Complexifier le cadre de l’emploi de la force en légitime défense pour soi ou pour autrui présente un risque certain, tant pour la sécurité des forces de police et de gendarmerie que pour les citoyens.
Telles sont les différentes raisons pour lesquelles la commission n’a pas adopté la proposition de loi.
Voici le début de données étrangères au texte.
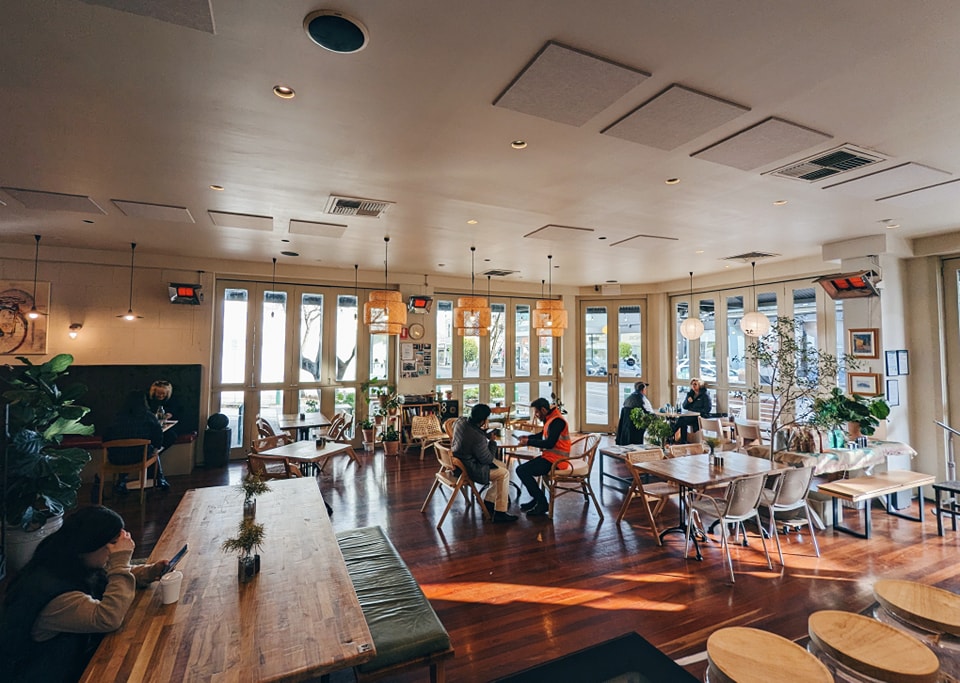 8days cafe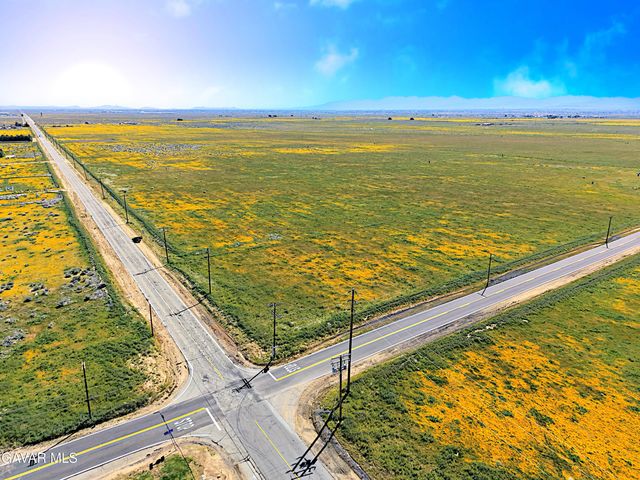 W Avenue G, Lancaster, CA 93536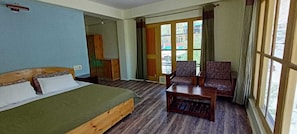 Deluxe Room, Garden View - The old monk (Spiti)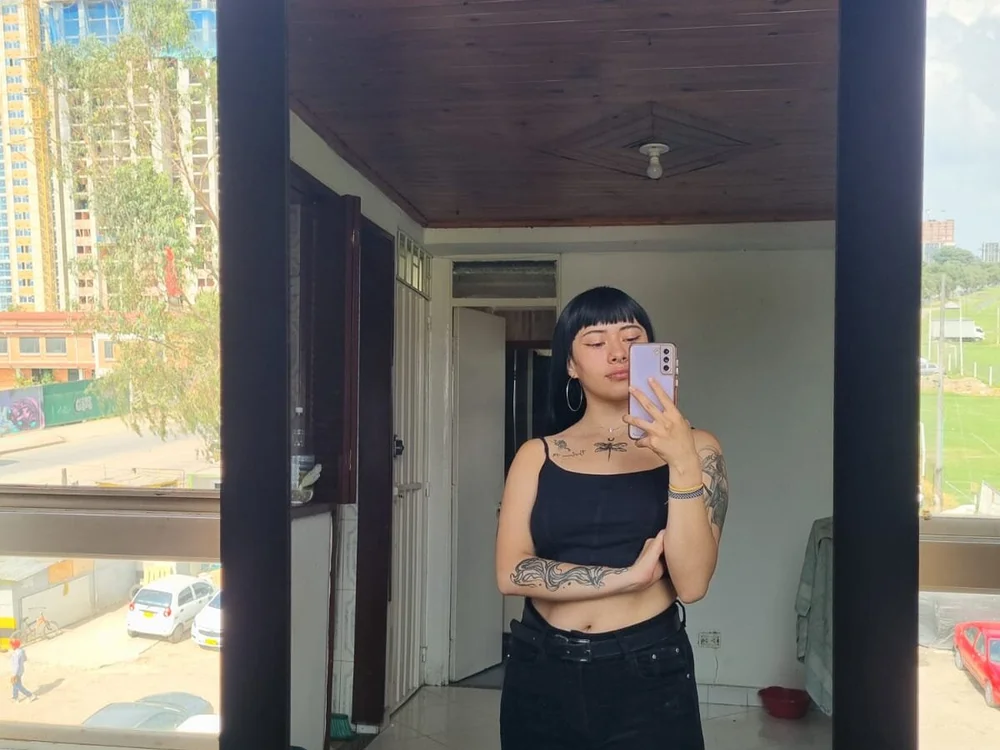 Arianna_Cute offline chatrum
Elle a néanmoins fait siennes les légitimes interrogations soulevées par ce texte. Elle a notamment insisté sur la nécessité d’une meilleure formation des personnels habilités au port du Flash-Ball superpro et souhaité – personnellement, j’y tiens beaucoup – que les lanceurs de balles de défense LBD 40 soient équipés dans les meilleurs délais de munitions de courte portée pour remplacer le Flash-Ball superpro, trop imprécis et par là même trop dangereux.
Sous le bénéfice de ces observations et au regard des difficultés posées par ce texte, je vous invite donc, mes chers collègues, à ne pas adopter la présente proposition de loi, même si celle-ci a le mérite de soulever de vraies questions.